All of the models predict them accurately and not much difference between the test errors.
We will now try to predict per capita crime rate in the Boston data set.
set.seed(1)
s=sample(1:nrow(Boston), nrow(Boston) * 0.7)
btrain=Boston[s,]
btest=Boston[-s,]
btrmat=model.matrix(medv ~ ., data=btrain)
btmat=model.matrix(medv ~ ., data=btest)
grid=10^seq(4,-2, length=100)
bridge=glmnet(btrmat, btrain$medv, alpha=0, lambda=grid)
bcv.out=cv.glmnet(btrmat, btrain$medv, alpha=0, lambda=grid)
bbestlam=bcv.out$lambda.min
bpred=predict(bridge, s=bbestlam, newx=btmat)
mean((btest$medv-bpred)^2)
## [1] 27.24035
lasso2=glmnet(btrmat, btrain$medv, alpha=0, lambda=grid)
bcv.out2=cv.glmnet(btrmat, btrain$medv, alpha=0, lambda=grid)
bbestlaml=bcv.out2$lambda.min
bpredl=predict(lasso2, s=bbestlaml, newx=btmat)

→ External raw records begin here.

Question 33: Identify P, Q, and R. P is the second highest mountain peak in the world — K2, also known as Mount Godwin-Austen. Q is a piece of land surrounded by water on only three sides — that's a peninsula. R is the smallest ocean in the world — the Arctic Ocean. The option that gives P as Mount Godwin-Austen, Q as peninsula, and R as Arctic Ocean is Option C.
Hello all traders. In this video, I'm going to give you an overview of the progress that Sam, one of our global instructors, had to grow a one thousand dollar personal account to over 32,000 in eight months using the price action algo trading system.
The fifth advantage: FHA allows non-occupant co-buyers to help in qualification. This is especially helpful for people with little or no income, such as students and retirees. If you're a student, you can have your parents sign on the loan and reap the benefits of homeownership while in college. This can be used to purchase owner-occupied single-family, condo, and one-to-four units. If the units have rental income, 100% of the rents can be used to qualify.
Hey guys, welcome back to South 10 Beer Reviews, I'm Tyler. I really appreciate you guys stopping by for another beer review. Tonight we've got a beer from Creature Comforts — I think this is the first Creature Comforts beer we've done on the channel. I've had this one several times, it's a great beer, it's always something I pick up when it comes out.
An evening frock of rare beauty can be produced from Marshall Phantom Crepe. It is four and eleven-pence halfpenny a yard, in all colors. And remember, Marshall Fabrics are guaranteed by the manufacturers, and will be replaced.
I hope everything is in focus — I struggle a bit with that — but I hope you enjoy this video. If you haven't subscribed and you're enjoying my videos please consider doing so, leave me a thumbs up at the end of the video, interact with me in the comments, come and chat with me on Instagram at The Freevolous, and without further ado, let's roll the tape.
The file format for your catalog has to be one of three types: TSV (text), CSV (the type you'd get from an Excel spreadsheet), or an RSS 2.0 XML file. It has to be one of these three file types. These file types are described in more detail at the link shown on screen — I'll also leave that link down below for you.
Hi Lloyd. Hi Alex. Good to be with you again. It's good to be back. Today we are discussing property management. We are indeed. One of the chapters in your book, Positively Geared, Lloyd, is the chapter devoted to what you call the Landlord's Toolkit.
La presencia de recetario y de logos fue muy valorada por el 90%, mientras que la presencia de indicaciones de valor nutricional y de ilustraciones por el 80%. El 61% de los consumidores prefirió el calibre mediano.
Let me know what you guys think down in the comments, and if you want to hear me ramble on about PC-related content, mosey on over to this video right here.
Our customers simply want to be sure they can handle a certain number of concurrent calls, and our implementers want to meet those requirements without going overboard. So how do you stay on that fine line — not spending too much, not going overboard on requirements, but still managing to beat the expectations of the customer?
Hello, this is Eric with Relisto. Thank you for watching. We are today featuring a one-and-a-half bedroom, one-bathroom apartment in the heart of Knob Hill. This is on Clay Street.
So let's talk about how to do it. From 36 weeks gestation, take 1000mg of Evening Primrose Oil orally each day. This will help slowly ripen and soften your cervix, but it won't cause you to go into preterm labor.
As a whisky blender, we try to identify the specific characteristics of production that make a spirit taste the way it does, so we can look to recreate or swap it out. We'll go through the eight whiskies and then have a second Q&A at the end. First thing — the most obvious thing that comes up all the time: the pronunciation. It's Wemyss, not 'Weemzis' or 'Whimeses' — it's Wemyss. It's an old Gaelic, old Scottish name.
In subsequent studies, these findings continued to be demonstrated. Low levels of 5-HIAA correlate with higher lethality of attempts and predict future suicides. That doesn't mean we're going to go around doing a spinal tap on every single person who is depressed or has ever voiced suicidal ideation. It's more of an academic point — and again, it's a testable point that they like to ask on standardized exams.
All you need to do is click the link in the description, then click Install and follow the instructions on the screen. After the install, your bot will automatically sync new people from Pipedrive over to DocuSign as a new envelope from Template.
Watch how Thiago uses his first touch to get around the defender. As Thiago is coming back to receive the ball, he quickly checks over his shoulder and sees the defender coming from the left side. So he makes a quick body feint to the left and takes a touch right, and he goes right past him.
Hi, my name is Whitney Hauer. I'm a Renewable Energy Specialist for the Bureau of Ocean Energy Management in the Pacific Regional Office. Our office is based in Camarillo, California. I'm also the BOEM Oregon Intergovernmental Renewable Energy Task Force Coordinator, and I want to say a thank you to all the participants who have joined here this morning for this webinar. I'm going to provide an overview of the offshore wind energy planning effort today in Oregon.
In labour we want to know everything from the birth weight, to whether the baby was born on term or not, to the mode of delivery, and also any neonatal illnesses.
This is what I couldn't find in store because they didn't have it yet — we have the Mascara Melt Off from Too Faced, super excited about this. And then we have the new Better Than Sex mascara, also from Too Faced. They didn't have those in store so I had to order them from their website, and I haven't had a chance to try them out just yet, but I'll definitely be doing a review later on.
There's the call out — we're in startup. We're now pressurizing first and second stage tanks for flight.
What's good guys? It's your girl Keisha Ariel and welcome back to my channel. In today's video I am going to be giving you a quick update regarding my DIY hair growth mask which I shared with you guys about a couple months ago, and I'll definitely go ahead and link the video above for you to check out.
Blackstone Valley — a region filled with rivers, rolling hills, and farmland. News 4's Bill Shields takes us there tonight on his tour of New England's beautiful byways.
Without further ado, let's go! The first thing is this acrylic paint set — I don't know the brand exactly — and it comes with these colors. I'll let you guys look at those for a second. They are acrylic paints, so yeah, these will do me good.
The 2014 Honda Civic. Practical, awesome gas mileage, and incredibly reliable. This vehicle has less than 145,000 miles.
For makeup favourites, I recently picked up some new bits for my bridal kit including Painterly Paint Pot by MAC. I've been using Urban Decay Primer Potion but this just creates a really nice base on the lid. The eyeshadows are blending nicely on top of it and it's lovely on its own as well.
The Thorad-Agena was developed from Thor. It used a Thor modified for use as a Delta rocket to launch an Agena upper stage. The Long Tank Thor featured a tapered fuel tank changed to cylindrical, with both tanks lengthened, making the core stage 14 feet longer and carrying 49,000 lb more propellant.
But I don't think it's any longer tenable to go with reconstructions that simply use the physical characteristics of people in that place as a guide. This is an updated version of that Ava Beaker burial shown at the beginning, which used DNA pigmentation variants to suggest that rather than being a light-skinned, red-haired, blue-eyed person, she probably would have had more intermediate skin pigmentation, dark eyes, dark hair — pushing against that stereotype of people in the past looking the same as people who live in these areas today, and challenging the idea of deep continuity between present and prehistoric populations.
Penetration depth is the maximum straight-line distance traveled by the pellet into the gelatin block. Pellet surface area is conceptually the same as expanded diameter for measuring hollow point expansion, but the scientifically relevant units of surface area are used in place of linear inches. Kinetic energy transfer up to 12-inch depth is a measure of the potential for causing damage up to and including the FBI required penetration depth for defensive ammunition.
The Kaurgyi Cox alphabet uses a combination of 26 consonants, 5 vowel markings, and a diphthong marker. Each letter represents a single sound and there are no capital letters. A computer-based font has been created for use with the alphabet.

mean((bpredl- btest$medv)^2)
## [1] 27.24035
pcr2<-pcr(medv ~ ., data=btrain, scale=TRUE, validation="CV")
bpredpcr<-predict(pcr2, btest)
mean((bpredpcr-btest$medv)^2)
## [1] 33.42198
The models with the best result is the ridge regression and lasso model and used crossvalidation when calculating the results.